Lernen die Parlamente dabei voneinander?
Gewiss doch. Wir haben in Deutschland viel Interessantes
gehört. Egal, ob im Rahmen der EU oder der Nato: Wir sprechen mit
allen darüber. Es ist eine Frage der Sicherheit, woher wir
unsere Energie bekommen. Es beeinflusst unsere Wirtschaft. Wir
können neue Jobs schaffen. Auch die Gesundheit hängt
davon ab, wie viele Emissionen wir zulassen. Und es ist eine
moralische Verantwortung, wie wir mit der Erde, diesem Geschenk
Gottes, umgehen. Wir sollten sie in einem besseren Zustand an die
nächste Generation übergeben, als wir sie bekommen haben.
Europa ist uns in diesen Fragen voraus. Wir können von den
Europäern lernen, etwa beim CO2-Handel. Auch von
den Fehlern, die gemacht wurden. Nicht alle Ansätze hatten
Erfolg. Und es ist eindrucksvoll, sich zum Beispiel in einer Stadt
wie Barcelona erzählen zu lassen, was die alles tun, um die
klimapolitischen Vorgaben der EU zu erfüllen - oder sogar noch
besser abzuschneiden.
In diesem Wahljahr in den USA geschieht etwas Seltenes: Die Präsidentschaftskandidaten beider großen Parteien kommen aus dem Repräsentantenhaus, dem Kongress. Barack Obama und John McCain sind Senatoren. Steht das für einen Ansehensgewinn des Parlaments?
Nein, eher nicht. Sie haben zwar Recht: Die Präsidenten der letzten Jahrzehnte waren in der Regel zuvor Gouverneure von Einzelstaaten gewesen. Aber die Präsidentenwahl hier ist vor allem eine Persönlichkeitswahl, es geht weniger um die politische Funktion der Kandidaten. Wir sind sehr stolz auf Barack Obama. Es geht um die Wahl zwischen Vergangenheit und Zukunft. Es geht um ein neues Denken, um unsere Handlungsmöglichkeiten.
Washington ist nach meinem
Gefühl eine Stadt, die in der Vergangenheit verharrt.
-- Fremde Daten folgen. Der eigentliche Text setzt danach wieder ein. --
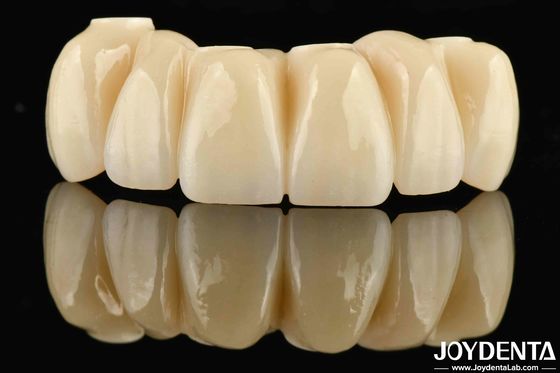 Zahnrestaurierung Ti-Base Zirkonia Hybridbrücke Natürliche Aussehen Präzise Passform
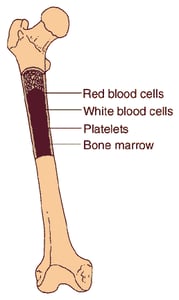 Diagram of bone blood for marrow treatment for Immunodeficiency
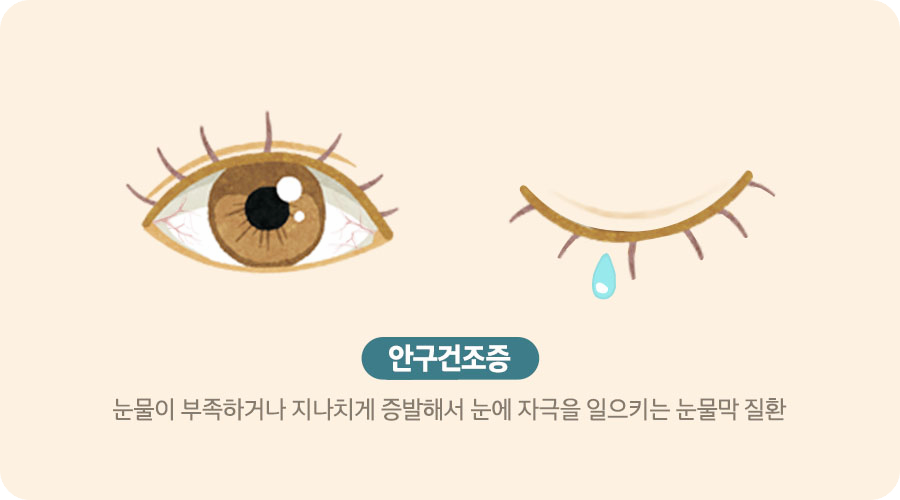 안구-건조증-증상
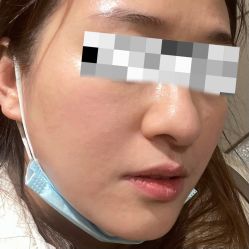 点击看大图 体验后-北京爱育华医院-医疗美容科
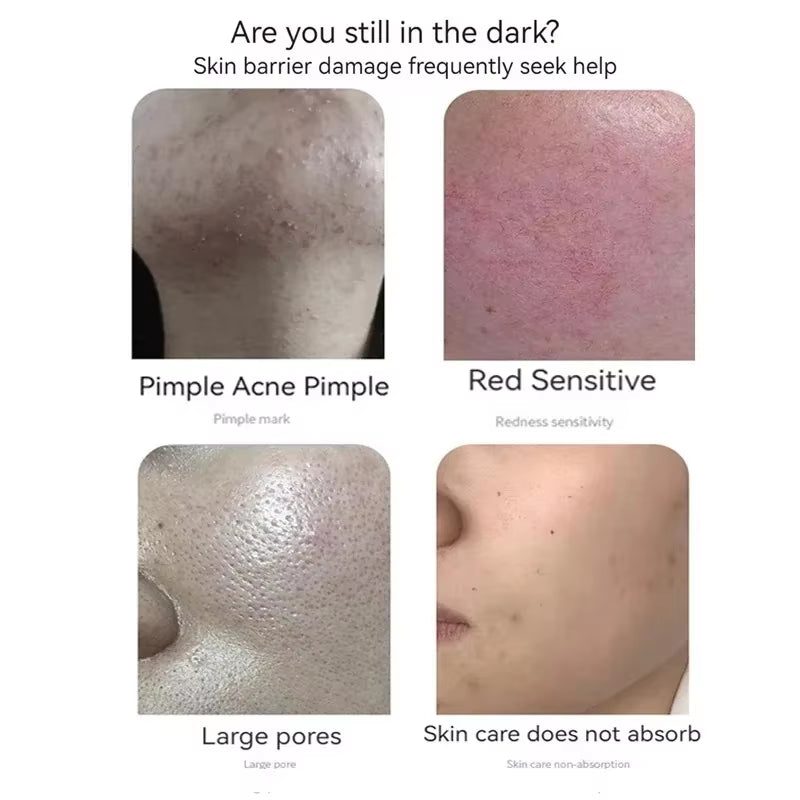 Blue Copper Peptide Freeze-Dried Powder Set Oligopeptide anti Wrinkle Essence Shrink Pores Acne Treatment Skincare Serum 20Pcs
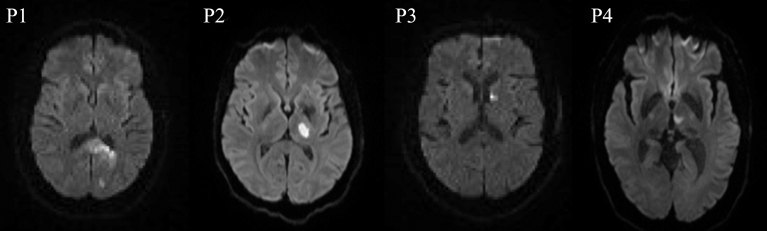 Fig.1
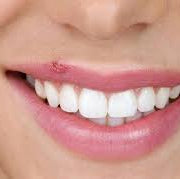 Cold Sore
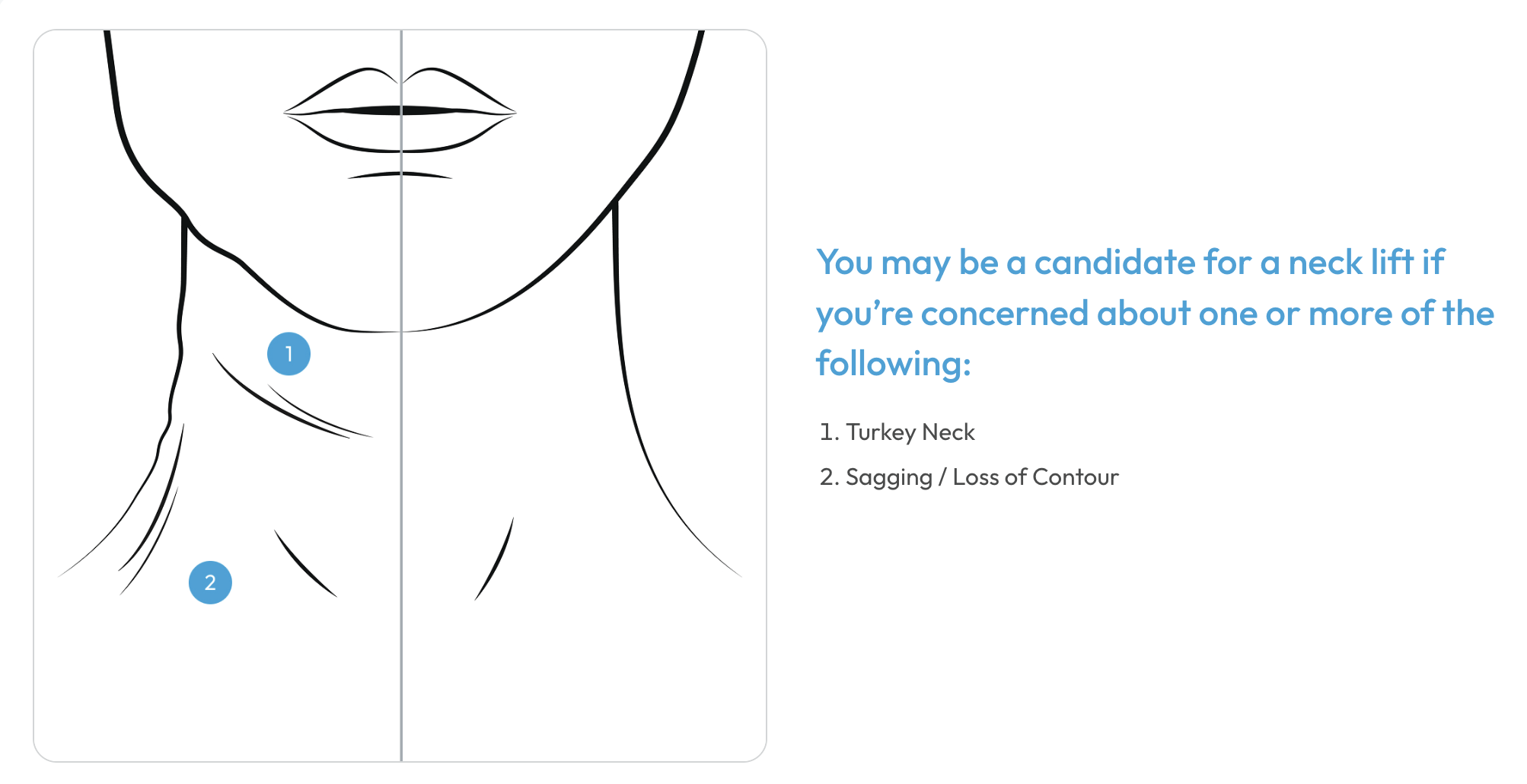 Am I a candidate for a neck lift?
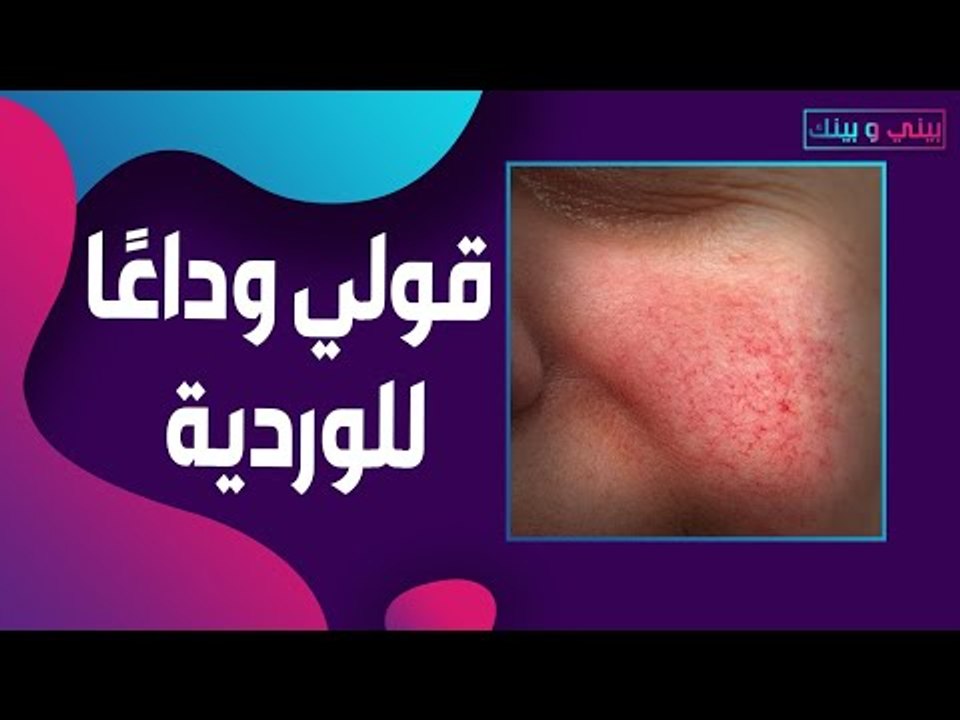 الوردية تخفي جمالك وتبديك اكبر سنًا! عالجيها بهذه النصائح الطبيعية وغير المكلفة ..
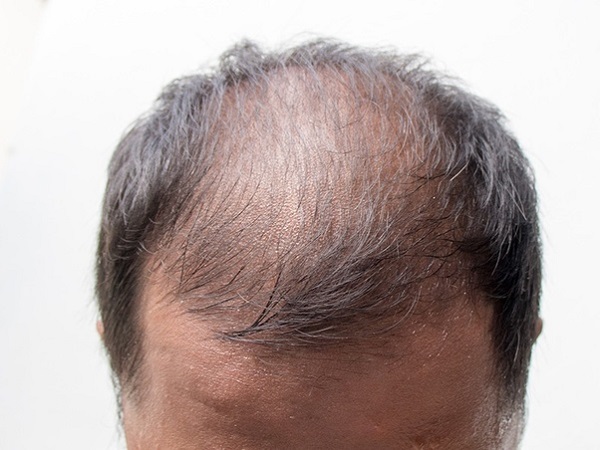 Hói đầu ở nam giới do DHT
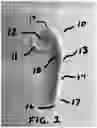 Fig. 02 - HAND STABILIZING DEVICES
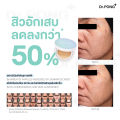 (Preorder) Dr.PONG ACNE ACE LONGWEAR CUSHION Acne reduction cushion, confirmed by research, skin does not clog. 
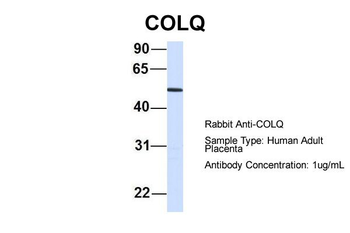 COLQ Rabbit Polyclonal Antibody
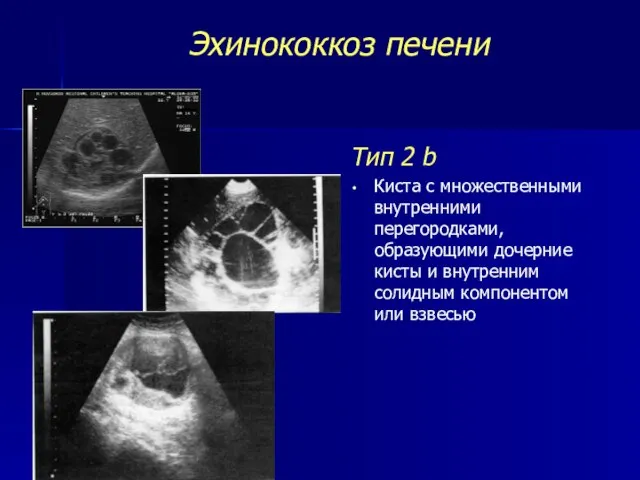 Эхинококкоз печени Тип 2 b Киста с множественными внутренними перегородками, образующими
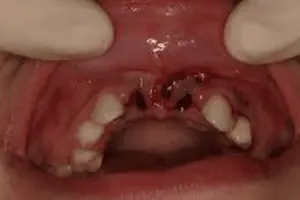 Punnagaiy Dental Clinic
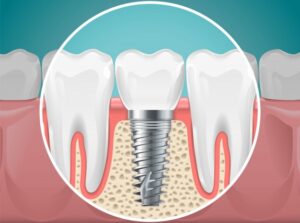 Mitos sobre los implantes dentales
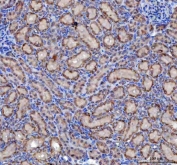 IHC staining of FFPE rat kidney tissue with MLEC antibody. HIER: boil tissue sections in pH8 EDTA for 20 min and allow to cool before testing.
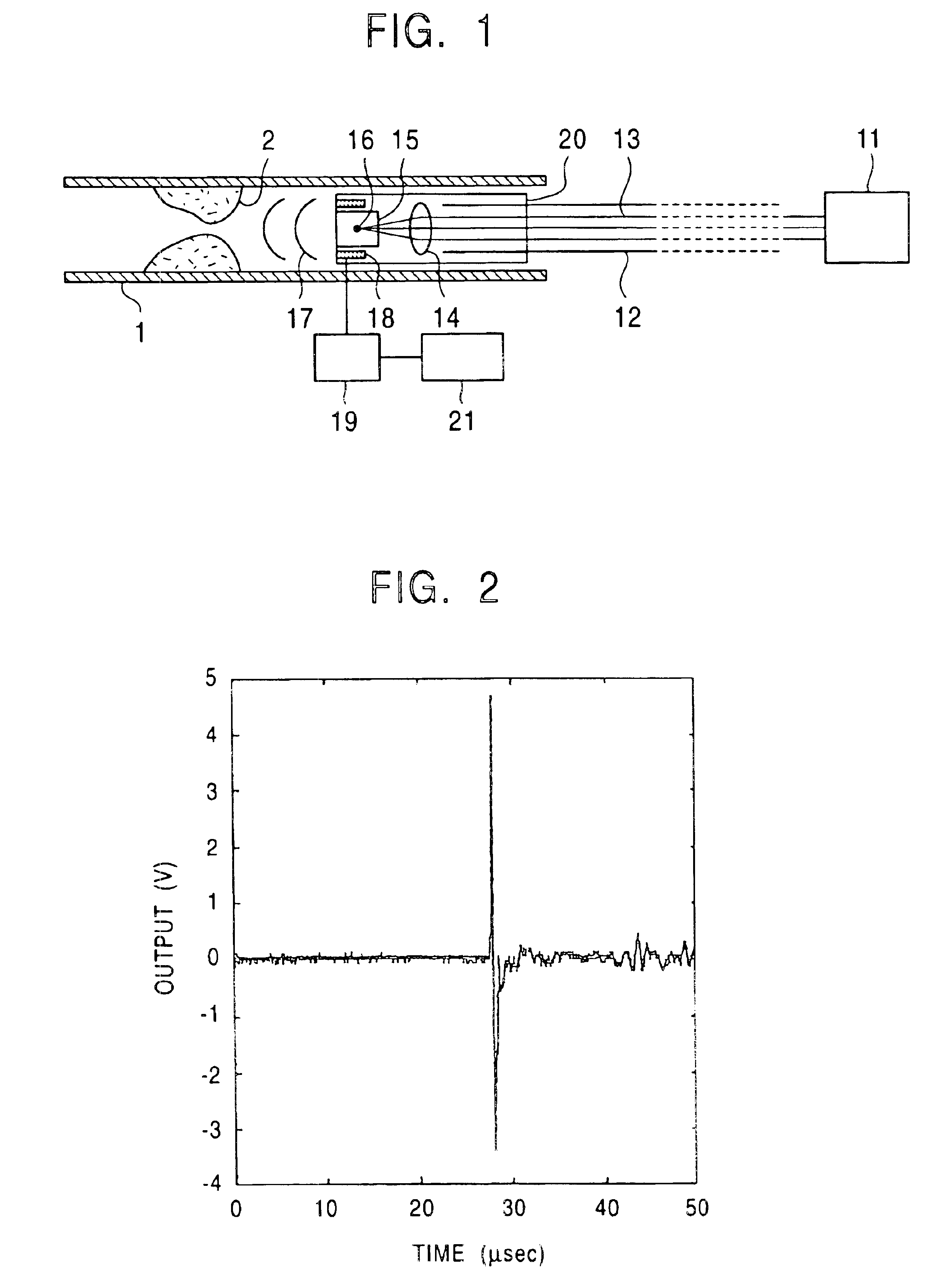 Ultrasonic angioscope system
Über viele Dinge, die ich als Sprecherin getan habe,
hieß es: Zum ersten Mal seit den 1940er-Jahren... oder: zum
ersten Mal seit 32 Jahren... Viele Gesetze, die wir verabschiedet
haben, hatten eine historische Dimension. Sie veränderten den
Status quo. Dafür mussten
wir große Widerstände überwinden.
Was war besonders umstritten zwischen Kongress und Präsident?
Präsident Bush teilte leider viele unserer Ansichten nicht,
zum Beispiel wenn es um eine Krankenversicherung für jedes
Kind ging. Oder die Förderung der Stammzellenforschung. Oder
das Bekenntnis zur Schlüsselrolle von Bildung und Forschung.
Wir sind bereit für einen neuen Präsidenten. Und für
eine neue Politik, von der Verteidigung über eine allgemeine
Krankenversicherung - die es in Deutschland längst gibt - bis
zum Ziel, die Wirtschaft der USA zu einer "grünen",
umweltfreundlichen Wirtschaft umzubauen, aber bei ausgeglichenem
Budget. Wir müssen
aufhören, mehr auszugeben, als wir einnehmen. Wir sind bereit
für einen neuen Präsidenten. Und er ist bereit.
Die Kandidaten haben auch erstmals richtig Wahlkampf im Ausland geführt. John McCain war in Kolumbien, Barack Obama reiste nach Europa und hielt in Berlin eine Rede an der Siegessäule. Wie denken Sie darüber? Sollen ausländische Politiker in die USA kommen und auf der National Mall in Washington oder vor der Freiheitsstatue in New York Wahlkampf führen?
Ich bin zuallererst für die Freiheit, zu reden. Denn ich komme aus Kalifornien. Natürlich müssen Politiker darauf achten, welche Auftritte an welchen Orten passend sind. Aber es gibt symbolische Orte, die gehören der ganzen Welt. Wenn jemand eine Rede zum Einwanderungsrecht vor der Freiheitsstatue halten möchte, dann ist das sehr passend, ganz egal woher der Redner stammt. Es gibt natürlich kulturelle und nationale Empfindlichkeiten, die muss man respektieren.
Das Interview führte Christoph von Marschall.